This week, @spurs_ss and I have been exchanging emails on the future of Mr Redknapp and just who we'd like to replace him. Be warned: things get fanciful, bleak, fanciful, then bleak again before resting on a bit of optimism. Well, we actually rested on arranging a pint next week, but we cut that bit out. I suggest you follow Dave at @spurs_ss and become an loyal reader of his superb blog, Such Small Portions.
Firstly, let’s establish why we’re discussing Spurs’ next manager. I’m presuming it’s because we know that in 13 months or whatever he’ll be announced as England’s next manager.
Or that in two months he’ll be banged up.
The point is, I guess, is that we’re preparing for him to leave us rather than calling for him to go, right? I mean yes, we’re in the midst of the worst run since he took over, and yes it really grates when he derides us for daring to expect something slightly better. But: Saving us from relegation + 4th + 6th + a great Champions League adventure + key wins against Arsenal (including one at the emirates) doesn’t = the sack, surely.
In my mind, despite some niggles, he absolutely deserves credit for what he’s done, but, conversely, when he goes I won’t be sorry and I’d actually quite welcome a new manager – just to see what might be possible.
I think we’re in an oddly fortunate situation with Harry.

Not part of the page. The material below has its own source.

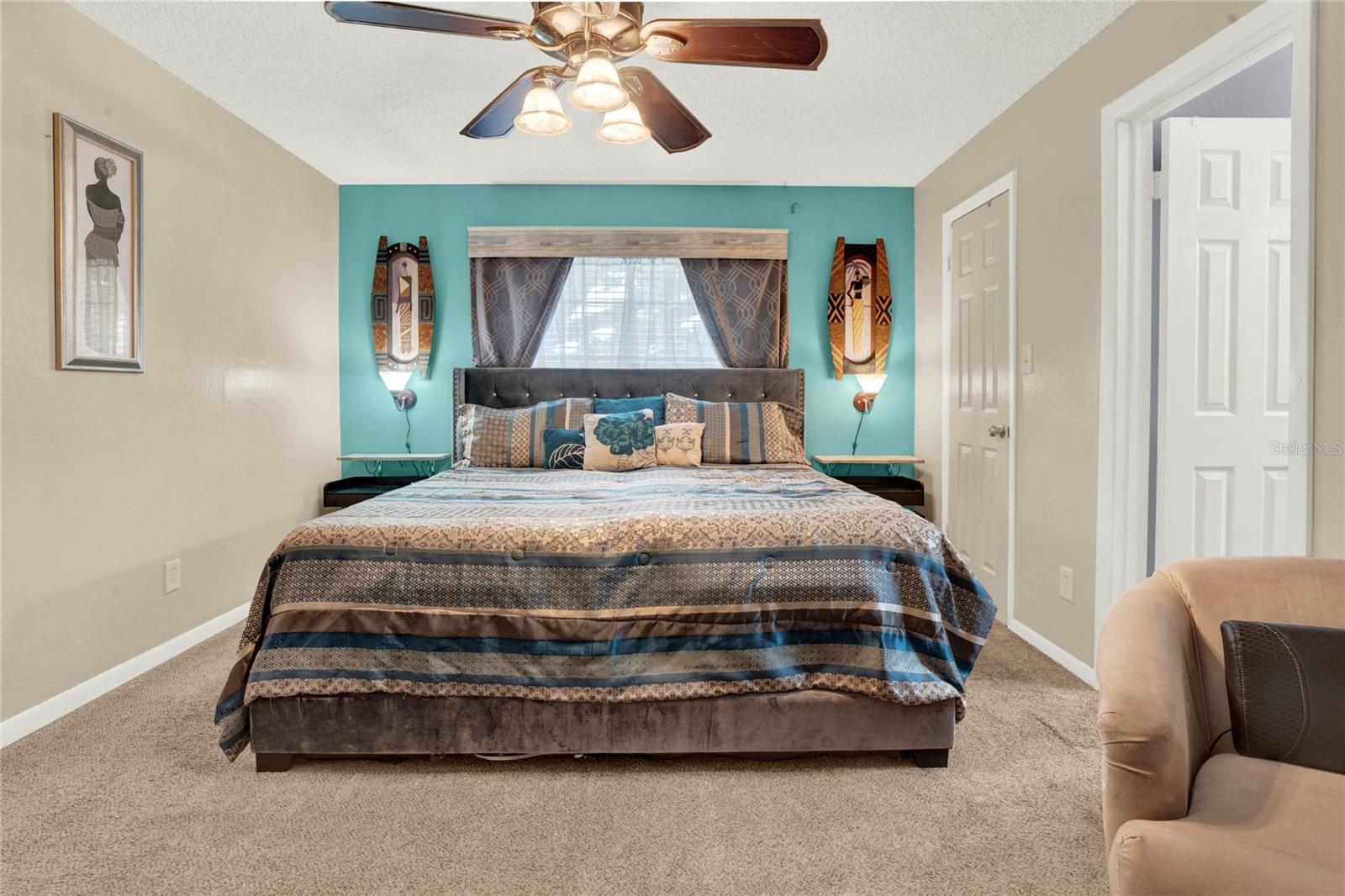 5545 DEVONBRIAR WAY #206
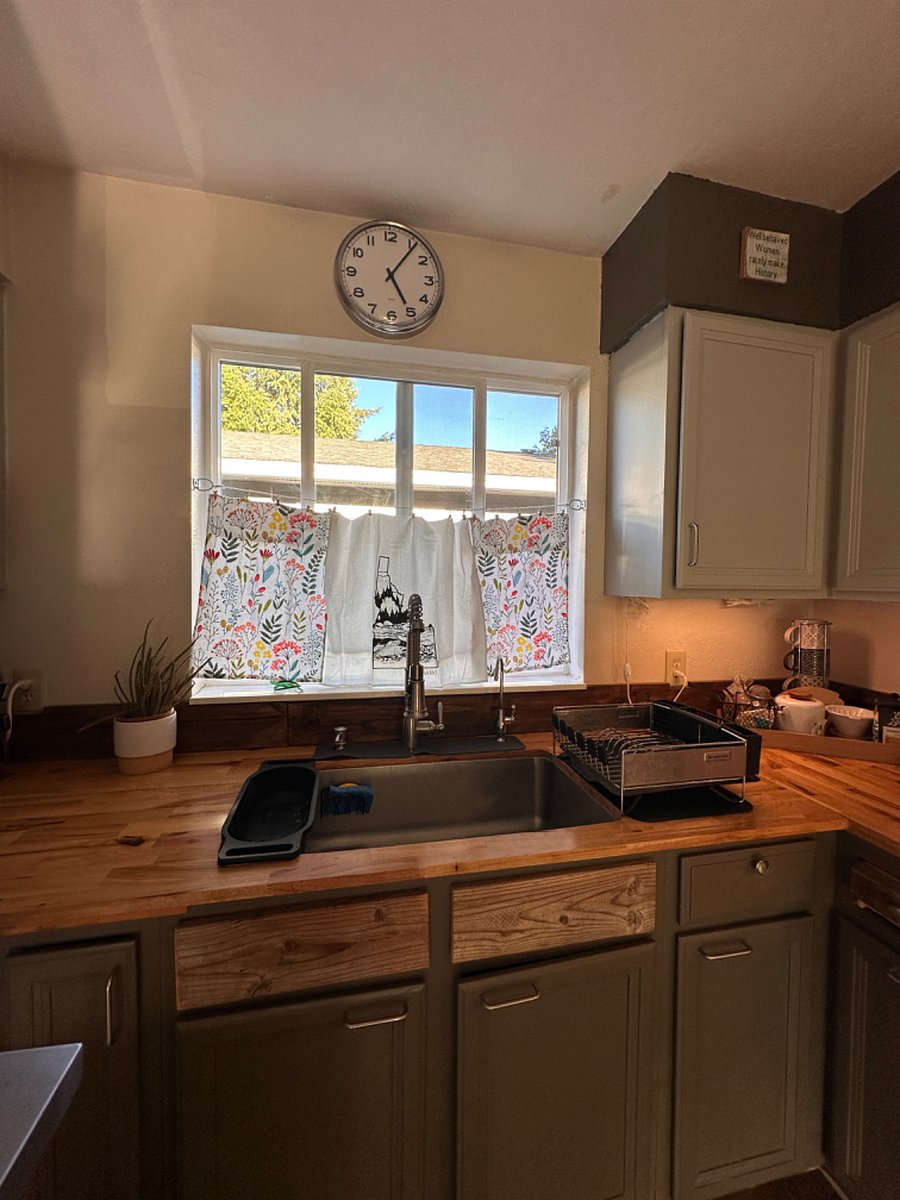 Furnished Finder property 725874_1 photo 16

Barring any significant judicial movements or a complete meltdown next season, he’ll be sizing up his Wembley office this time next year. And it’ll be strange to see him off. When he arrived, I felt like an Uncle had arrived to clean up a family mess. With his warm reassurances, practical advice and clear dialogue, I suddenly felt safe again. After years of Director of Football faffing and self-dug holes, here was Uncle ‘Arry to sort it all out.
And he has. Like you rightly point out, his list of accomplishments is robust and impressive. But this late season collapse has left me thinking what a more tactically astute coach could do with this elite group. Perhaps nothing more at all. But us football fans get itchy trigger fingers, particularly those with Tottenham-branded firearms.
We shouldn’t underestimate the affection a lot of these players will hold for Harry. It’s a torch that some will probably use as an excuse for their own exits when he goes. But it’ll be time to roll the managerial dice again whether we like it or not. And we appear agreed that this might not be the most terrible news. But who would we want?
Well, firstly, I think that even in the midst of our dialogue Harry has raised the stakes (and the temperature) in terms of his relationship with us Spurs fans with his ‘suicidal’ (quote marks possibly not needed) comment. Ill-judged, at best. I now think we’re as likely to be looking for a new manager this summer as next.
Also, I think it’s a good and worrying point about you make certain players using his departure to facilitate their own exit. But I guess that depends on who we replace him with. Which brings us to the main course...
Okay, so I’ll be the first one to mention Mr Mourinho, shall I? Opinion seems divided as to whether or not he’d be the right man for us. Some argue that he’s a serial winner (okay, not so much this year) and that if he brings us trophies, maybe even the title, we would love him just like fans at all his other clubs have loved him – with a burning devotion and a V-sign to his/our detractors.
Others seem to think that his ‘anti-football’ style is anathema to ‘the Spurs way’ and that even if he wins us some silverware, he might lose us our identity.
I feel a little disloyal to the true believers, but I can’t help thinking it would be a great ride and I quite fancy it. I actually find him a preening, self-aggrandising and faintly ridiculous man at times. But the centre of the footballing universe seems to shift around him, and I do like the idea of it alighting on White Hart Lane.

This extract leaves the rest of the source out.